Of all years, this may be the one to stop the holiday gift madness - out of necessity for some of us or simply out of reason.
The instinct to give is still pure, deep down there somewhere. But at a time when so many people have so much less than they did just a few months ago, there ought to be a way to ease the pressure on them and relieve the crushing social obligation that others feel to give presents to an ever-lengthening list of people.
And in calling for an effort to make gift giving more meaningful than mandatory, I’m not suggesting that everybody has to - or should - spend less. This is simply a reminder that there may be another way.
Why not, I wondered, spend less time trolling the stores while helping out a good cause- Everyone in the family puts their gift budget into a pot. A designated banker sets half aside and divides it by the number of gift recipients.
Everybody takes their share and buys one special thing. Everybody wears or brings their gifts to the holiday gathering for appreciation. Then, over dessert, the family votes on how to distribute the rest of the money to a worthy cause (or several).
When I tried my idea out on a makeshift focus group, people raised some objections to this approach. Several had doubts that some people would stick to the rules. They love their families and feel as if they’ve earned the right to spend money on them without restraint.
Other people I heard from felt strongly enough about their philanthropy that they want to make up their own minds about where to give, without any compromises. Then there are those who work for nonprofit groups for a living, who, in effect, give at the office every single day. Some of them might like to be spoiled for a change.

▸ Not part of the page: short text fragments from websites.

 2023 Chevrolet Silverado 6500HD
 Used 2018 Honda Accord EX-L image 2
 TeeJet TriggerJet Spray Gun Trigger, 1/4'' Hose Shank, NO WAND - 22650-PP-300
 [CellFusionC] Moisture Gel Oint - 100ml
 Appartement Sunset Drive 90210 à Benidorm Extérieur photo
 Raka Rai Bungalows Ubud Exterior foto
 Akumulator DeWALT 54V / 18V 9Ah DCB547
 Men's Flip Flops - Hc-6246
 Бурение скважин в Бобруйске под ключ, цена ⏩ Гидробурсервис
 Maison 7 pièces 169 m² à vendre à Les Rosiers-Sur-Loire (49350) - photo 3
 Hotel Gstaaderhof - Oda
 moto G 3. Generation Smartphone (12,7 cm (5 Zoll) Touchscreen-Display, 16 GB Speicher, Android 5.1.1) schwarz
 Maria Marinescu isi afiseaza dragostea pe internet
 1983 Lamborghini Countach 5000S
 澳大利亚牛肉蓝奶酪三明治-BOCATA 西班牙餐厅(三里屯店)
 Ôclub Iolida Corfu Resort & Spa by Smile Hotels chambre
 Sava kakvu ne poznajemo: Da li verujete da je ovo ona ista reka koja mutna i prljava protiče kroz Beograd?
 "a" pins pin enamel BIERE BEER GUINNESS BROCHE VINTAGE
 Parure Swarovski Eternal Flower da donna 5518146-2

Several others resented the relentless practicality of my approach, that it seemed almost transactional to them. It could suck the joy out of the process for people who love to select the perfect gift for everyone.
The trick here is to ask carefully, so as not to make others feel greedy if they still want a big pile of gifts. Perhaps send an e-mail message around when everyone is exchanging wish lists that simply says that you’d get the most joy this year out of one special item and donations to a particular cause. It’s possible that no one else has thought of that, or is simply waiting for someone else to be brave enough to suggest a more meaningful way of giving.
And here’s one final idea: In the responses to my original proposal, I was touched by the number of people who suggested a simple way to show appreciation for the people in their lives this holiday season. Their recommended gift- A thank-you note.
This isn’t the usual sort of note, the obligatory one you write quickly after the season is over. Instead, it’s a heartfelt look back at specific memories from the last year and the ways in which this person has touched your life in a positive way.
The nice part about this gift is its versatility. You can paste it on top of a tower of gifts for a child or include it in an envelope with the one special gift your recipient has selected.
Or, it can simply stand alone if you have little money of your own or if the circumstances are right.“What did we get from our daughter last Christmas-’’ Ken Gallaher, of Bartlesville, Oklahoma, the parent of a University of Michigan sophomore, said via e-mail.“A thank-you card, and a kid who is grateful for the chances she has and is making the most of them. What more could a parent ask-’’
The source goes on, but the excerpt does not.